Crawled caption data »
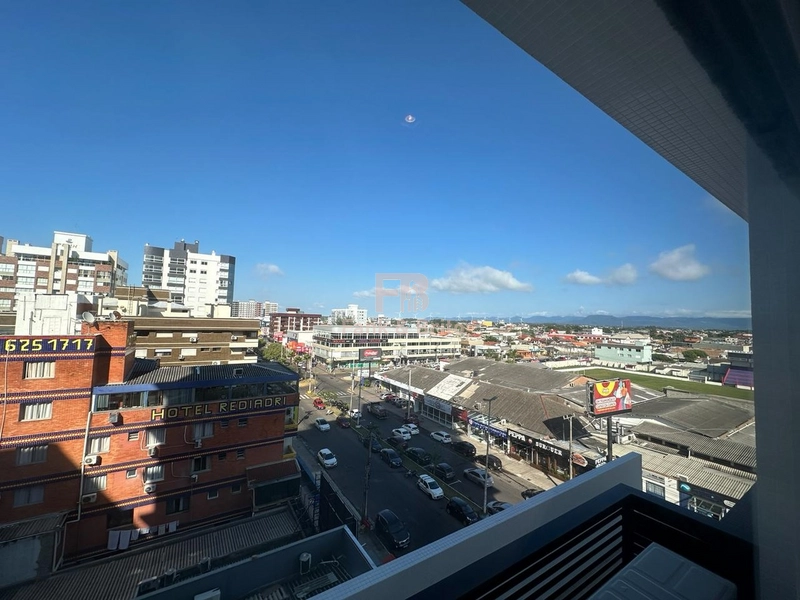 Charmoso apartamento, mobiliado e decorado no coração de Capão!: 25ª foto da galeria de imagens do imóvel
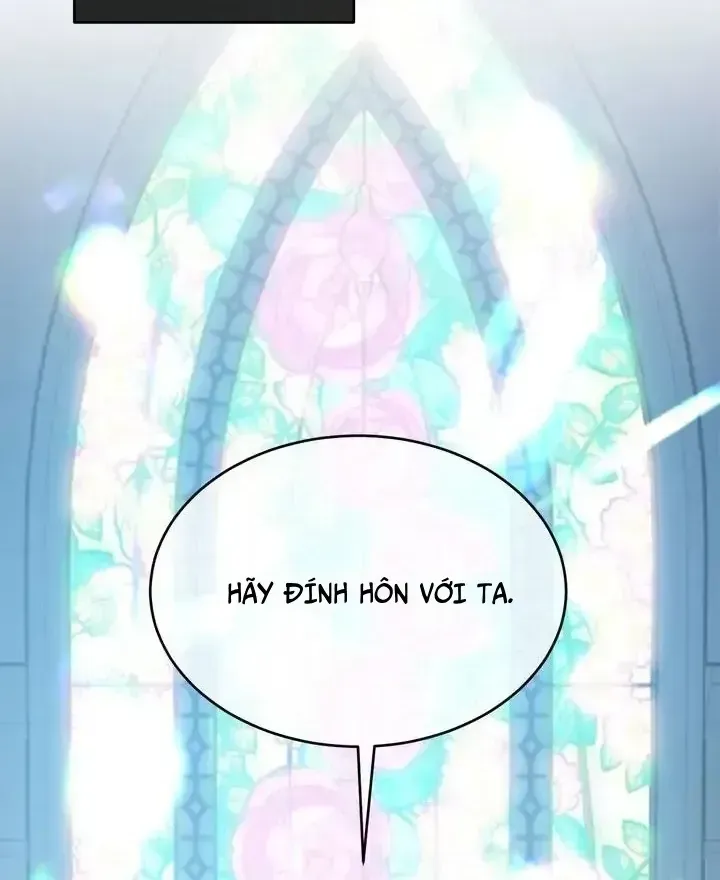 Vị Tiểu Thư Tôi Từng Phục Vụ Đã Trở Thành Thiếu Gia Chap 58 - Next Chap 59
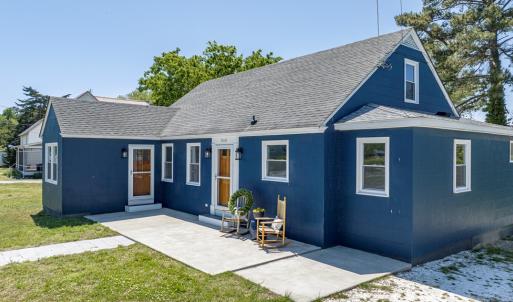 35486 Upshur Neck Rd, Quinby, VA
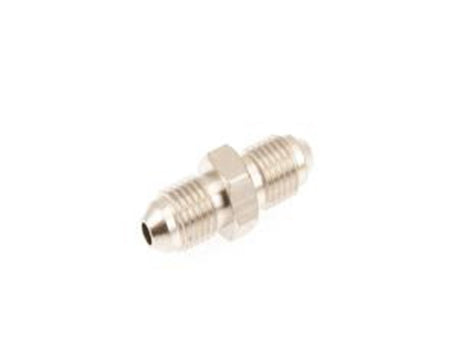 ARB JIC-04 Male Flare Fitting Adapter Set - Stainless Steel Braided PTFE Hose Connection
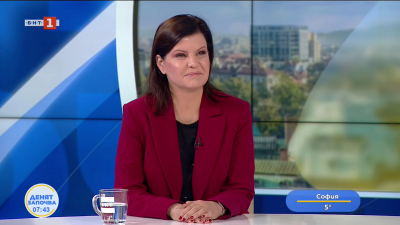 След годишната среща на НСОРБ: Развитието на общините - приоритетите и реформите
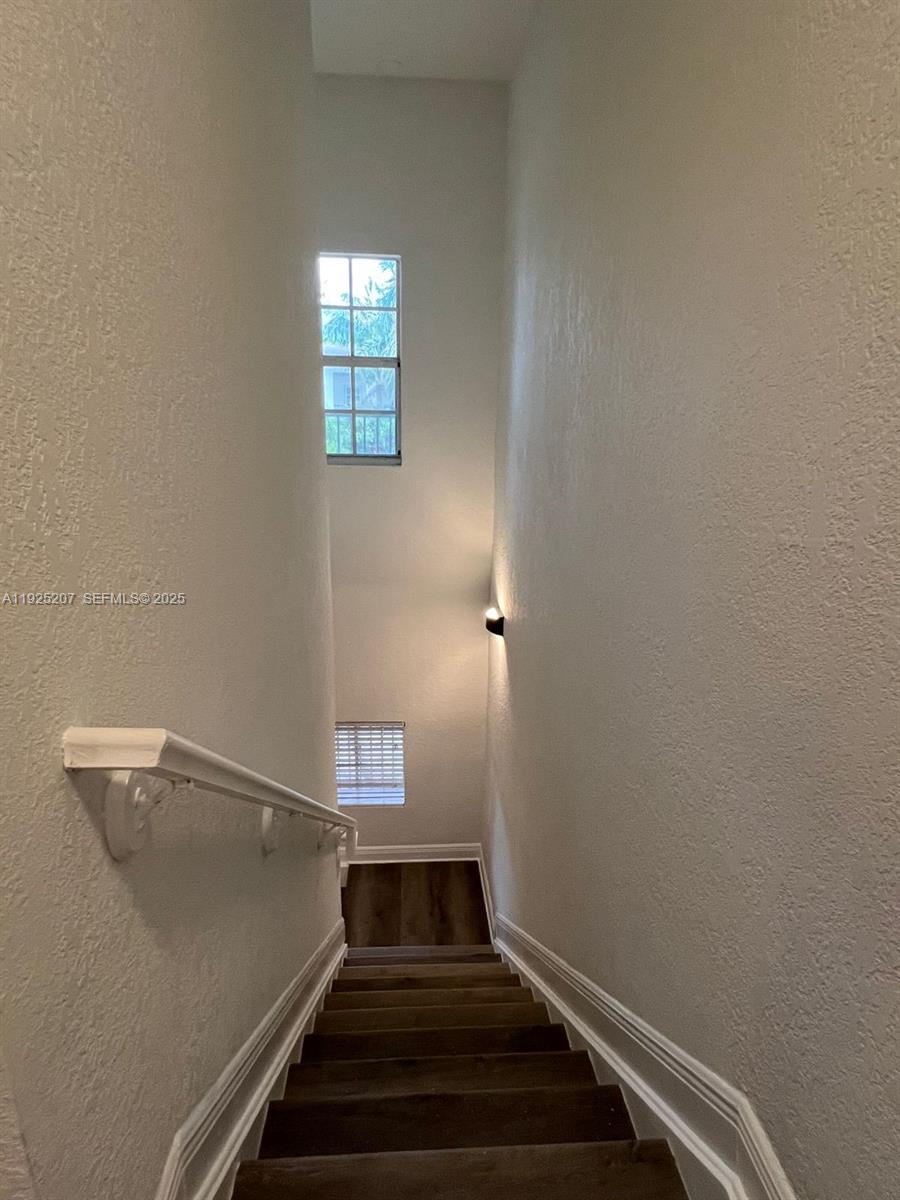 Orchid Grove - Residential Lease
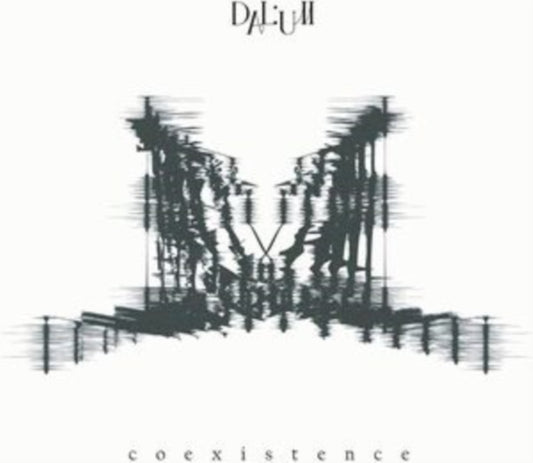 Dal:Um - Coexistence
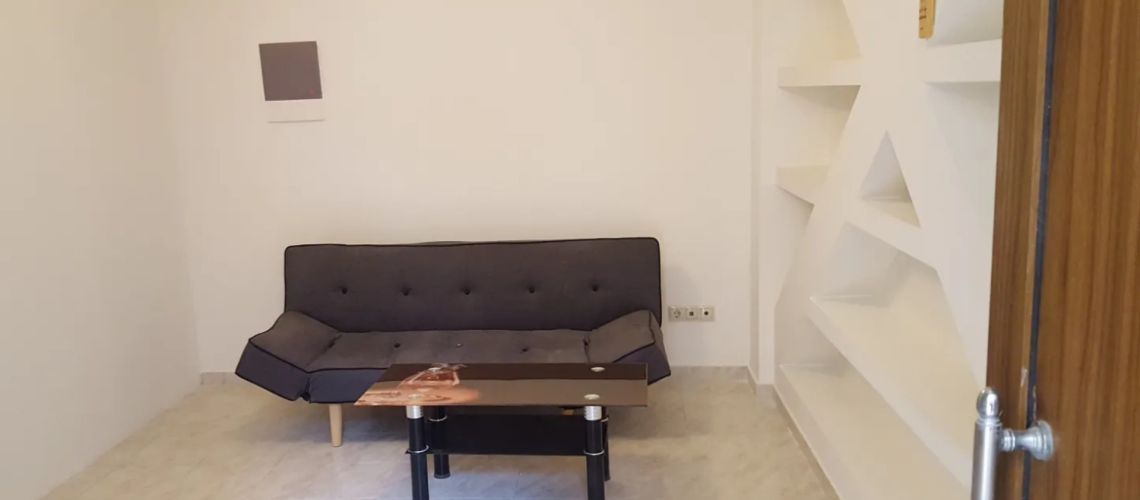 εικόνα ακινήτου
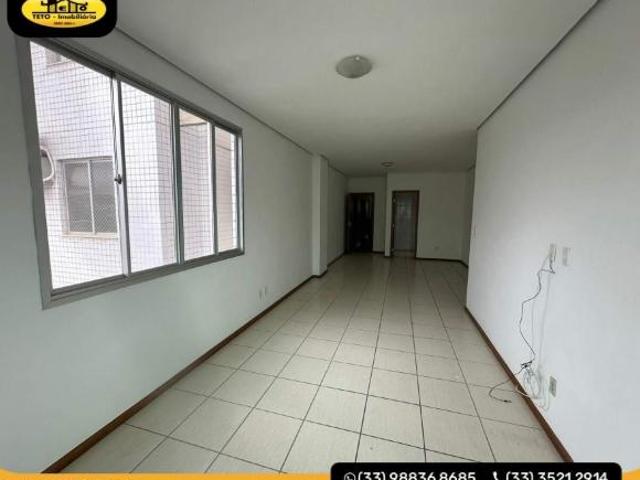 Apartamento venda em Região Geográfica Imediata de Teófilo Otoni, Teófilo Otoni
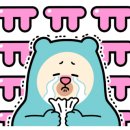카페퉁이 이미지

Exercise goal »
Output each record above exactly as it stands, excluding all pictures.

Exercise response »
 Charmoso apartamento, mobiliado e decorado no coração de Capão!: 25ª foto da galeria de imagens do imóvel
 Vị Tiểu Thư Tôi Từng Phục Vụ Đã Trở Thành Thiếu Gia Chap 58 - Next Chap 59
 35486 Upshur Neck Rd, Quinby, VA
 ARB JIC-04 Male Flare Fitting Adapter Set - Stainless Steel Braided PTFE Hose Connection
 След годишната среща на НСОРБ: Развитието на общините - приоритетите и реформите
 Orchid Grove - Residential Lease
 Dal:Um - Coexistence
 εικόνα ακινήτου
 Apartamento venda em Região Geográfica Imediata de Teófilo Otoni, Teófilo Otoni
카페퉁이 이미지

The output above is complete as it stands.